Characters Of Kona: Hawi
This article originally appeared on Triathlete
Kona is electric. Kona is a circus. Kona is the Hawaii Ironman. This is all true about the tiny town of Kailua-Kona--a place that transforms a mid-level tourist stop to the capital of the triathlon world for roughly seven days each year. Ever since the Hawaii Ironman World Championship was moved to Kona in the 1980s, Kona has been the mecca for multisporters.
But outside the glow of the fancy industry assemblies and the proudly self-aggrandizing events, there is an outpost far beyond Kona's lava fields, out on triathlon's frontier. There is a place where the fans cheer almost as loudly as Ali'i, but without any of the commercial impetus encouraging their enthusiasm or timetables dictating their movements. Just over 50 miles away from the loud, pumping heart of Ali'i Drive in Kailua-Kona there sits the small historic sugar plantation town of Hawi. It takes about an hour to drive there from Kona if you don't get stuck behind a slow truck; it takes no less than two hours by pro bike.

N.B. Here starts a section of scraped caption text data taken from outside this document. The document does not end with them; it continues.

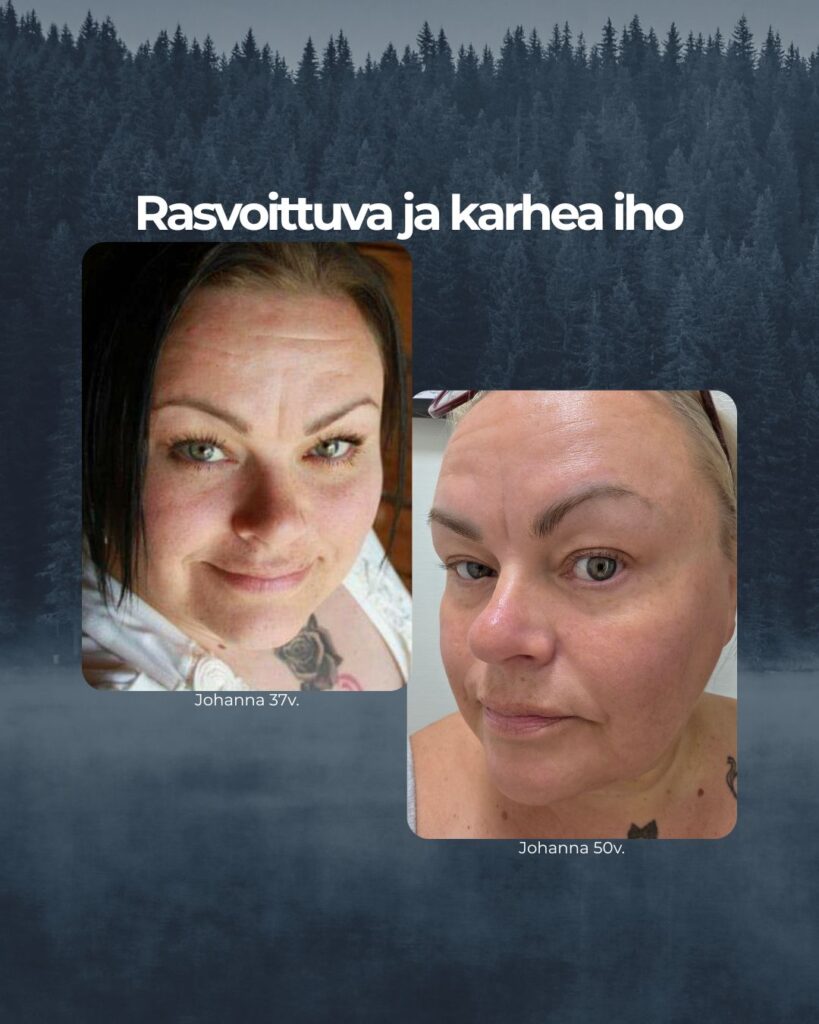 Saaren Taian perustajalla ja tuotekehittäjällä on itsellään pintakuiva, mutta nopeasti rasvoittuva ja karhean tuntuinen iho.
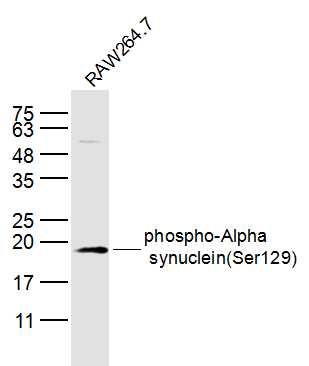 Lane 1: RAW264.7 (Mouse) Cell Lysate probed with Alpha-synuclein(Ser129) Antibody, Unconjugated (bs-5628R) at 1:300 dilution and 4˚C overnight incubation. Followed by conjugated secondary antibody incubation at 1:20000 for 60 min at 37˚C.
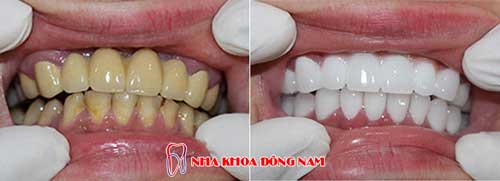 bọc răng sứ 2 hàm bị nhiểm kháng sinh
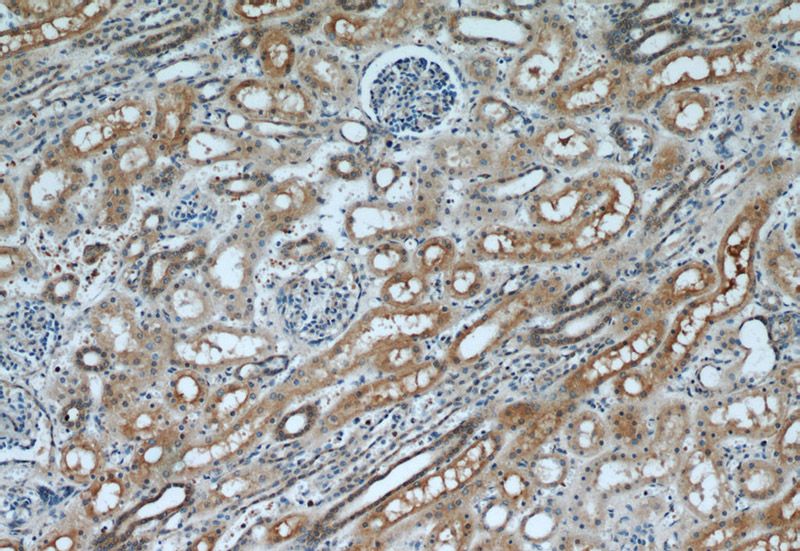 Immunohistochemical of paraffin-embedded human kidney using Catalog No:111600(IDE antibody) at dilution of 1:50 (under 10x lens)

On the bike course from Kona to Hawi, the terrain is abusive and alien. The lava fields are a weird place where people definitely do not belong. Only near the Mauna Kea Golf Club does it start to get a little green, a little less surface-of-the-moony. The rolling ground is coated by brown grass, replacing the jagged piles of black that cover the lava fields. After making a right bend just after mile 57 of the course, the scenery really begins to look like Hawaii?--the Hawaii in postcards with swaying trees and small ranch houses with tin roofs and green grass.
The people who live out in Hawi cheer because the spectacle of the racers is simply there. They don't cheer because they necessarily have friends or family racing in the Hawaii Ironman. There's very little commercial hype. Due to the geography of the area, it would be very difficult for a fan to watch the start, get to Hawi and back, so the mostly local fans in Hawi cheer because this big, gnarly race comes through their small, lovely town.

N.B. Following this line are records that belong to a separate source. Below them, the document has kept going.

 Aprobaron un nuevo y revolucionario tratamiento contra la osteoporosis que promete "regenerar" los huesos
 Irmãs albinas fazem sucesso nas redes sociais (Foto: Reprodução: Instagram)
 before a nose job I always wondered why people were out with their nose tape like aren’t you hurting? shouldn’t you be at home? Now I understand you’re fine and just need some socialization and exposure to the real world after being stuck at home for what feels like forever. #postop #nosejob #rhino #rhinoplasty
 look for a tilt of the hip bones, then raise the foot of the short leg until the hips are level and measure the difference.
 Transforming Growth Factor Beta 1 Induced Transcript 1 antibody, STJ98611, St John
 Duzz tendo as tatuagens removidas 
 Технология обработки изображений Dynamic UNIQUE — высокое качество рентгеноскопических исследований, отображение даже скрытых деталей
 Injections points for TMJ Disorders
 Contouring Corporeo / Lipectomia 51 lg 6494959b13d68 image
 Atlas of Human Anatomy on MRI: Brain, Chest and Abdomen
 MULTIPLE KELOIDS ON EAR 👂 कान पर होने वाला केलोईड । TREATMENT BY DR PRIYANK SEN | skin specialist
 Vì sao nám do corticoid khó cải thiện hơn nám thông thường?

Tim O'Donnell knows the energy of this place very well. On years when he's hurting, like in 2014, Hawi's faces are just a blur--like white noise serving as a background to the self-doubt and pangs of pain. But when O'Donnell is on, the people of Hawi act like a tailwind, filling his sails and flinging him forward.
In 2015, O'Donnell was the first athlete on race day to ride into Hawi. He had pulled into the lead before the turnaround and was met by the pent-up energy of people who had been waiting for him all morning. It gave him goosebumps and a big boost. O'Donnell still remembers the fans firing on all cylinders. From O'Donnell's perspective, the people of Hawi were like one collective little kid, super excited for Christmas morning.

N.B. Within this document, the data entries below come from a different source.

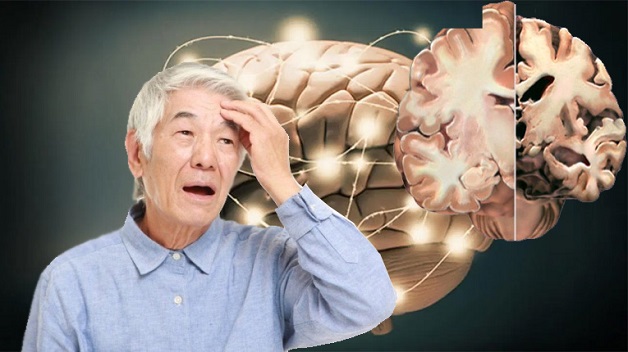 Bệnh Alzheimer gây nhiều nguy hiểm 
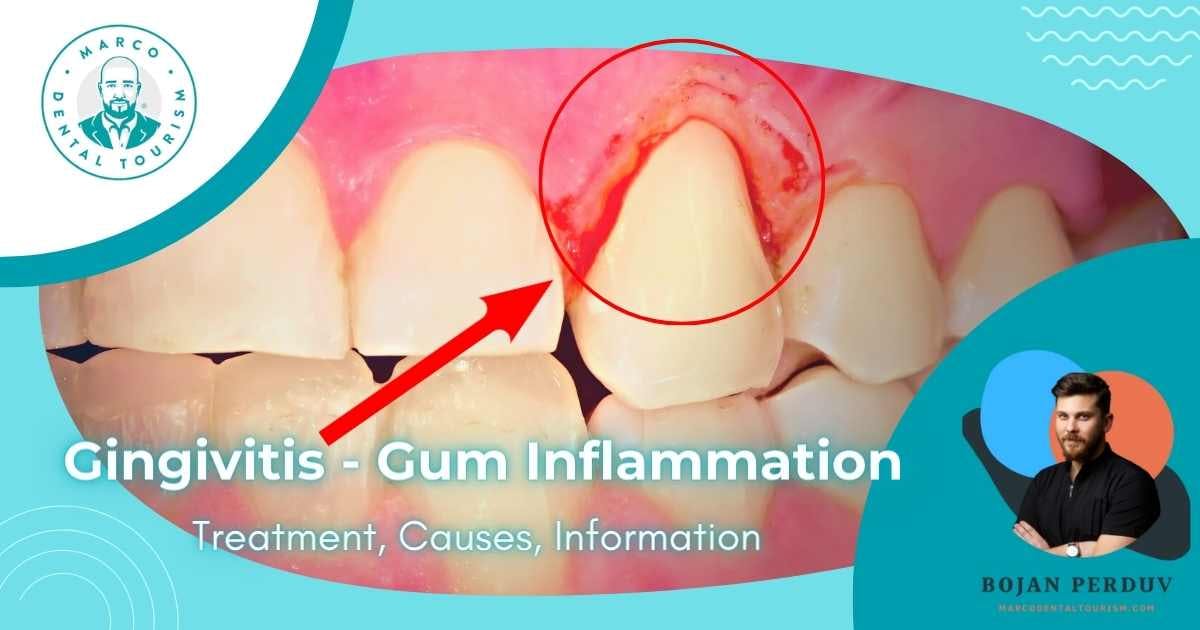 Gingivitis: Inflammation of the gums | Treatment, Causes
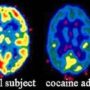 Cerebro sufre daños irreversibles cuando consumo de drogas es en etapas tempranas de la vida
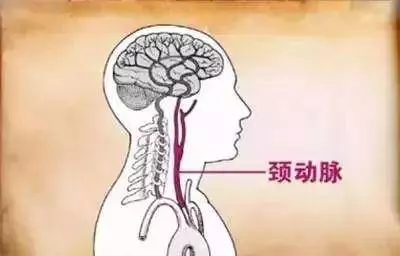 這根血管連通大腦最容易堵!很多人半身不遂之後才發現!慶幸的是,你現在看到這篇文章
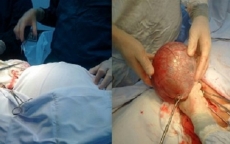 Phẫu thuật thành công khối u nang buồng trứng “khủng” cho 2 bệnh nhân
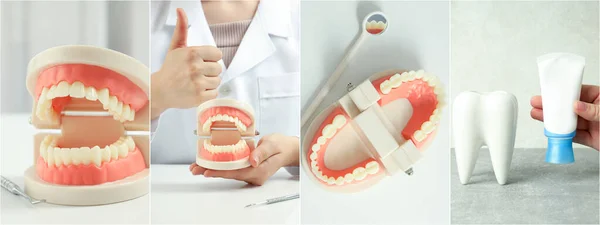 Collage Photos Teeth Treatment Concept — Stock Photo, Image
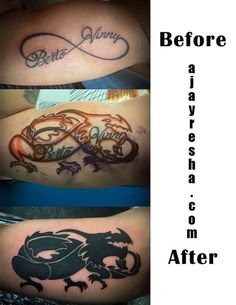 before and after photos of tattoo removals on the arm, from left to right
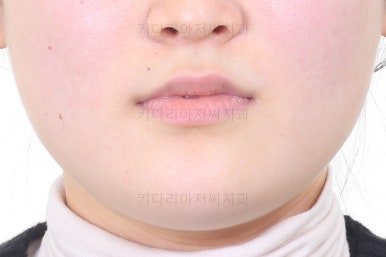 부산치아교정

Joy Vanderwal was one of the people watching him. Vanderwal has lived in Hawi on and off since 2006, and in 2015 was living in a house on the bike course on Akoni Pule Highway as O'Donnell and the rest of the race literally rode right past her front door. For Vanderwal and the rest of the town, the Hawaii Ironman doesn't necessarily glue them to their TVs for hours--it comes by throughout the day and in typical Hawaiian fashion they just go and check it out as it comes. It's more like a very long parade than what TV viewers experience in aerial Tour de France shots of small towns, waiting for the peloton to arrive.
Heading back from Hawi toward Kona, the slideshow runs in reverse: The green fades into brown and then back into black. The shade and scenery that graces the far-off town gives way to the stark barrenness of Kona. The fans go from homegrown-Hawi to non-existent and back to the fully crazed United Nations of Triathlon. It's unlikely that the people in Hawi get to see the grueling shuffle of the marathon winding through The Natural Energy Lab or hear Mike Reilly tell the crowd who is now an Ironman, but for a brief moment, the world's best Ironmen and Ironwomen ride into this idyllic town, just to quickly turn around and go right back the way they came.